So, this flag implies RESOLVE_NO_MAGICLINKS? If yes,
it would be good to state that more explicitly,

> +
> +.TP
> +.B RESOLVE_IN_ROOT
> +Temporarily treat
> +.I dirfd
> +as the root of the filesystem (as though the user called

Perhaps better:

Treat
.I dirfd
as the root directory while resolving
.I pathname
(as though...)

> +.BR chroot (2)
> +with
> +.IR dirfd
> +as the argument.) Absolute symlinks and ".." path components will be scoped to
> +.IR dirfd . Magic-link resolution is also not permitted.

Insert a newline before "Magic" to fix a formatting problem.

So, this flag implies RESOLVE_NO_MAGICLINKS? If yes,
it would be good to state that more explicitly,

> +
> +However, unlike
> +.BR chroot (2)
> +(which changes the filesystem root persistently for an entire thread-group),

s/persistently for an entire thread-group/
 /permanently for a process/

> +.B RESOLVE_IN_ROOT
> +allows a program to efficiently restrict path resolution for only certain
> +operations. It also has several hardening features (such as not permitting
> +magic-link resolution) which
> +.BR chroot (2)
> +does not.
> +.RE
> +
> +.RE
> +
> +.PP
> +Unlike
> +.BR openat (2),
> +any unknown flags set in fields of
> +.I how
> +will result in an error, rather than being ignored. 

Thank you, thank you, thank you. It was sad
that openat() never fixed that antifeature.

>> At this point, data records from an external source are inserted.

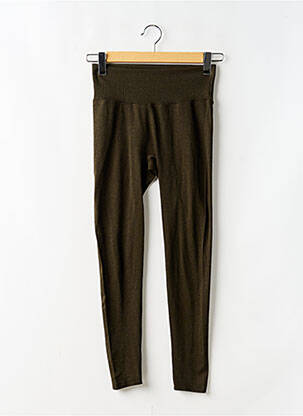 Legging vert SANS MARQUE femme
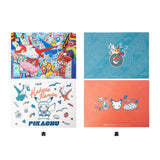 A4 Clear File (Set of 2) Pokémon Center Fukuoka R - Authentic Japanese Pokémon Center File Folder 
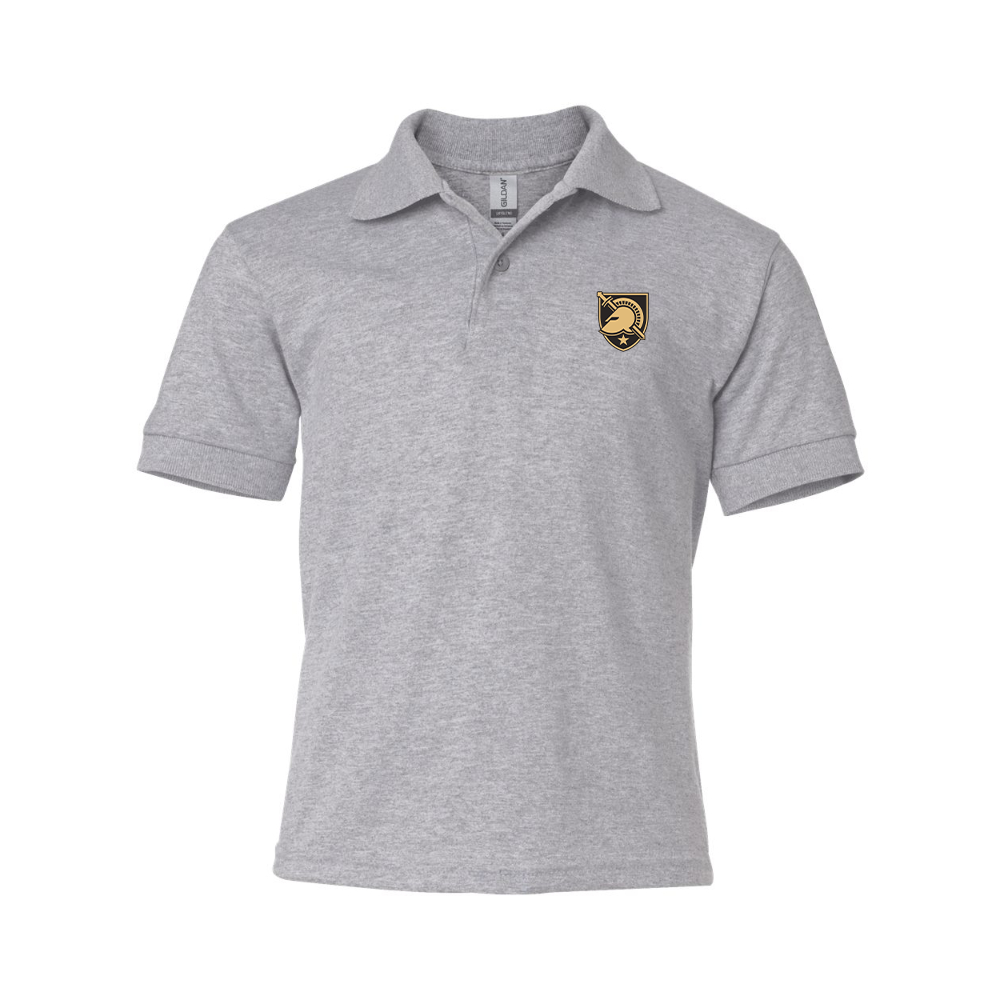 Youth   Army Black Knights  Gildan Dry Blend Jersey Polo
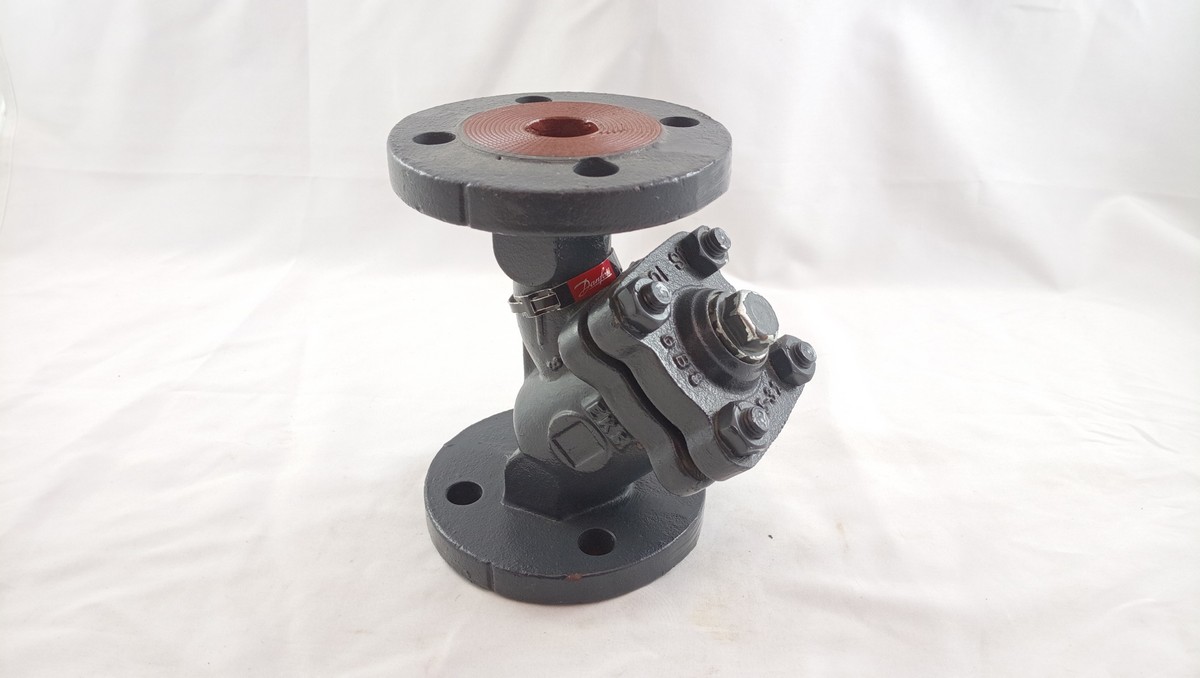 Danfoss 065B7772 - Фильтр сетчатый FVF Ду25 с пробкой, чугун, фланцевый, Ру25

> In addition, an error will
> +be returned if the value of the
> +.IR mode " and " upgrade_mask
> +union is non-zero unless:
> +.RS
> +.IP * 3
> +.I flags
> +indicates that a new file will be created (it contains
> +.BR O_CREAT " or " O_TMPFILE ),
> +in which case
> +.I mode
> +may be any valid file mode.
> +.IP *
> +.I flags
> +contains
> +.BR O_PATH ,
> +in which case
> +.I upgrade_mask
> +must only contain valid
> +.B UPGRADE_*
> +flags.
> +.RE
> +
> +.SH RETURN VALUE
> +On success, a new file descriptor is returned. On error, -1 is returned, and
> +.I errno
> +is set appropriately.
> +
> +.SH ERRORS
> +The set of errors returned by
> +.BR openat2 ()
> +includes all of the errors returned by
> +.BR openat (2),
> +as well as the following additional errors:
> +.TP
> +.B EINVAL
> +An unknown flag or invalid value was specified in
> +.IR how .
> +.TP
> +.B EINVAL
> +.I size
> +was smaller than any known version of
> +.IR "struct open_how" .
> +.TP
> +.B E2BIG
> +An extension was specified in
> +.IR how ,
> +which the current kernel does not support (see the "Extensibility" section of
> +the \fBNOTES\fP for more detail on how extensions are handled.)
> +.TP
> +.B EAGAIN
> +.I resolve
> +contains either
> +.BR RESOLVE_IN_ROOT " or " RESOLVE_BENEATH ,
> +and the kernel could not ensure that a ".." component didn't escape (due to a
> +race condition or potential attack). Callers may choose to retry the
> +.BR openat2 ()
> +call.
> +.TP
> +.B EXDEV
> +.I resolve
> +contains either
> +.BR RESOLVE_IN_ROOT " or " RESOLVE_BENEATH ,
> +and a path component attempted to escape the root of the resolution.
> +
> +.TP
> +.B EXDEV
> +.I resolve
> +contains
> +.BR RESOLVE_NO_XDEV ,
> +and a path component attempted to cross a mount-point.

mount point

> +
> +.TP
> +.B ELOOP
> +.I resolve
> +contains
> +.BR RESOLVE_NO_SYMLINKS ,
> +and one of the path components was a symlink.
> +.TP
> +.B ELOOP
> +.I resolve
> +contains
> +.BR RESOLVE_NO_MAGICLINKS ,
> +and one of the path components was a magic-link.
> +
> +.SH VERSIONS
> +.BR openat2 ()
> +was added to Linux in kernel 5.FOO.
> +
> +.SH CONFORMING TO
> +This system call is Linux-specific.
> +
> +The semantics of
> +.B RESOLVE_BENEATH
> +were modelled after FreeBSD's
> +.BR O_BENEATH .
> +
> +.SH NOTES
> +Glibc does not provide a wrapper for this system call; call it using
> +.BR syscall (2).
> +
> +.SS Extensibility
> +In order to allow for
> +.I struct open_how
> +to be extended in future kernel revisions,
> +.BR openat2 ()
> +requires userspace to specify what sized

s/what sized/the size of/

> +.I struct open_how
> +structure they are passing. By providing this information, it is possible for
> +.BR openat2 ()
> +to provide both forwards- and backwards-compatibility \(em with
> +.I size
> +acting as an implicit version number (because new extension fields will always
> +be appended, the size will always increase.) This extensibility design is very
> +similar to other system calls such as
> +.BR perf_setattr "(2), " perf_event_open "(2), and " clone (3).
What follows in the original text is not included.